Using the material below, repeat exactly the lines from the one with "We now have" through the one with "To view the", ends included, without any images.

__PROVIDED INFORMATION__.
※ ※ ※
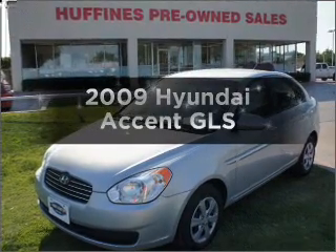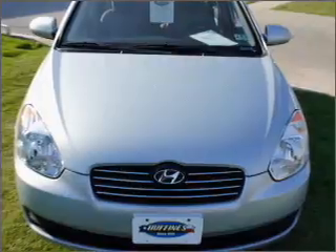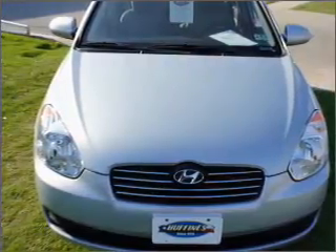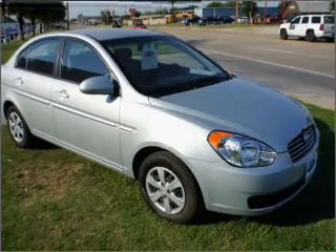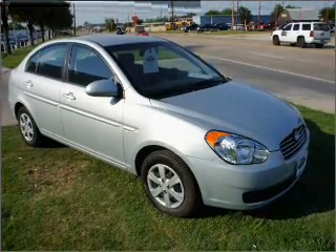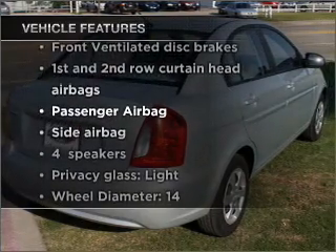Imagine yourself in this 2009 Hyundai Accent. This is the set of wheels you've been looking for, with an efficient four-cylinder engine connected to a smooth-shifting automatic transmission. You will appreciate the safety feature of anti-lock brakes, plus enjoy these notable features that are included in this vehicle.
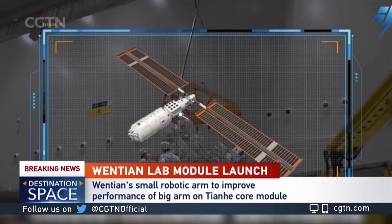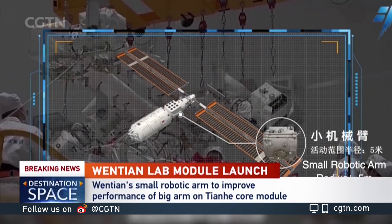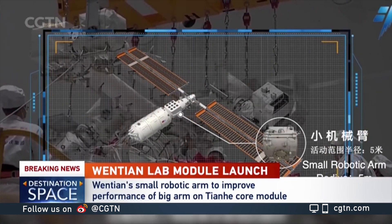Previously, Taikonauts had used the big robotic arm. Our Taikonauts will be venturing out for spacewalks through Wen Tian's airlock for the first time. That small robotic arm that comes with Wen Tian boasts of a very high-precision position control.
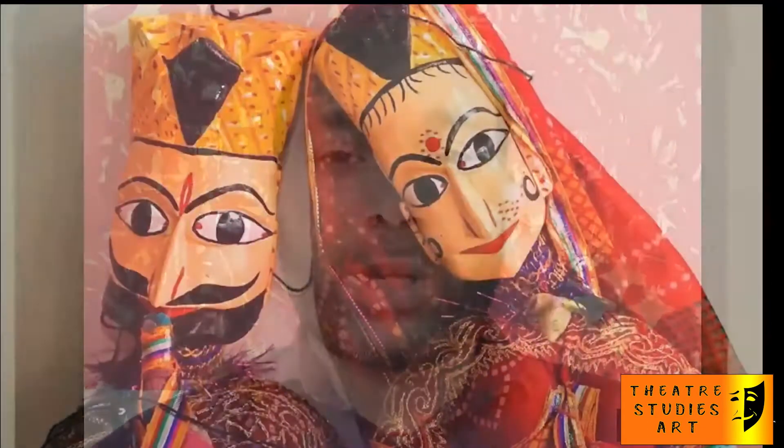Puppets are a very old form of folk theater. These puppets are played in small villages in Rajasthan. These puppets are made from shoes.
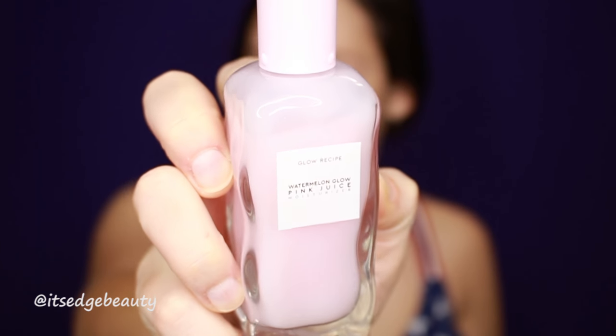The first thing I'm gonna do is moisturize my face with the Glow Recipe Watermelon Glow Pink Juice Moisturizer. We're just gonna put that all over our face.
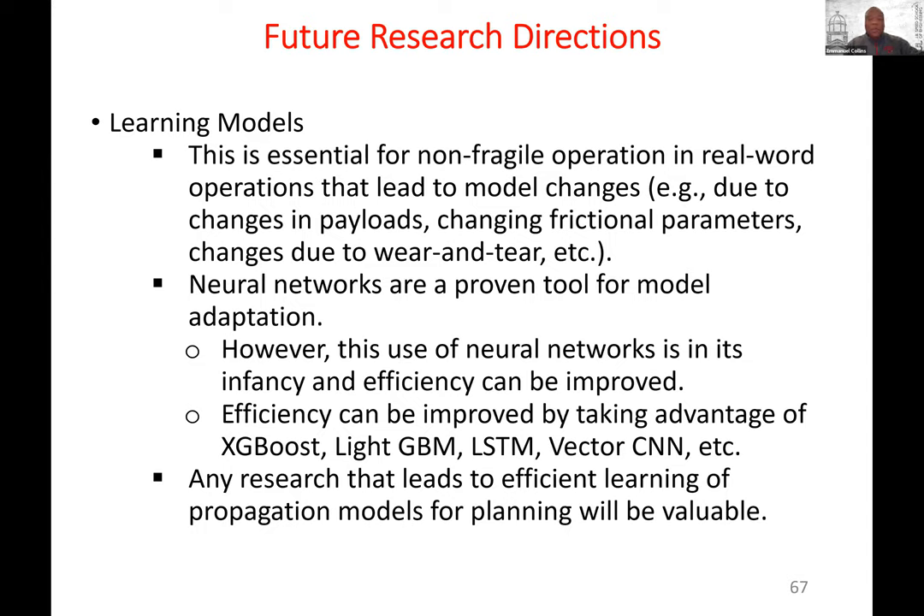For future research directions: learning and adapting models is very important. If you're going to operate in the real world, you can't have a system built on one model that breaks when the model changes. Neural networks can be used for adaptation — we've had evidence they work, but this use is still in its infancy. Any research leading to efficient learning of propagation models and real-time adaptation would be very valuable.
※ ※ ※
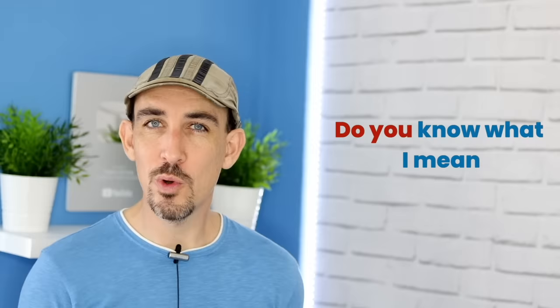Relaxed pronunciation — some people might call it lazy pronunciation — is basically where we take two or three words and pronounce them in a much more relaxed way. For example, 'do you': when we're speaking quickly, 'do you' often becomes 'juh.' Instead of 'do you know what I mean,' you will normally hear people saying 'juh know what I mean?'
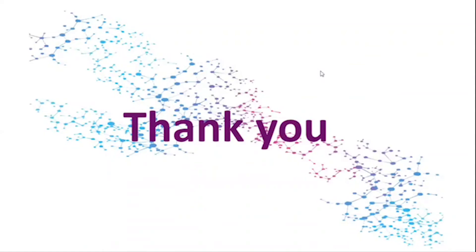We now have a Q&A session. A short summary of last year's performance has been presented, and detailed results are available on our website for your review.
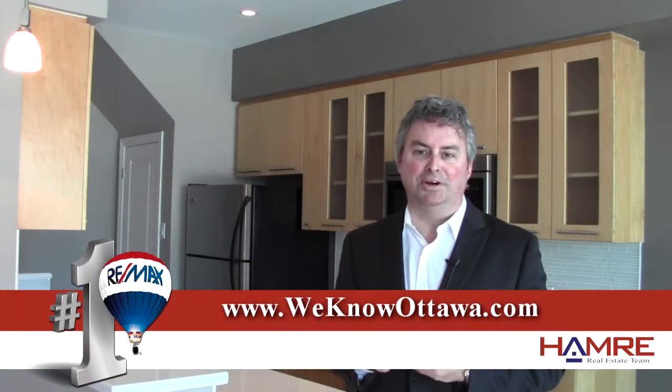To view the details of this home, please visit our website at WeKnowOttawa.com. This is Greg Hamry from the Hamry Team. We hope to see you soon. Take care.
※ ※ ※
__SOLUTION TO THE EXERCISE__.
We now have a Q&A session. A short summary of last year's performance has been presented, and detailed results are available on our website for your review.
To view the details of this home, please visit our website at WeKnowOttawa.com. This is Greg Hamry from the Hamry Team. We hope to see you soon. Take care.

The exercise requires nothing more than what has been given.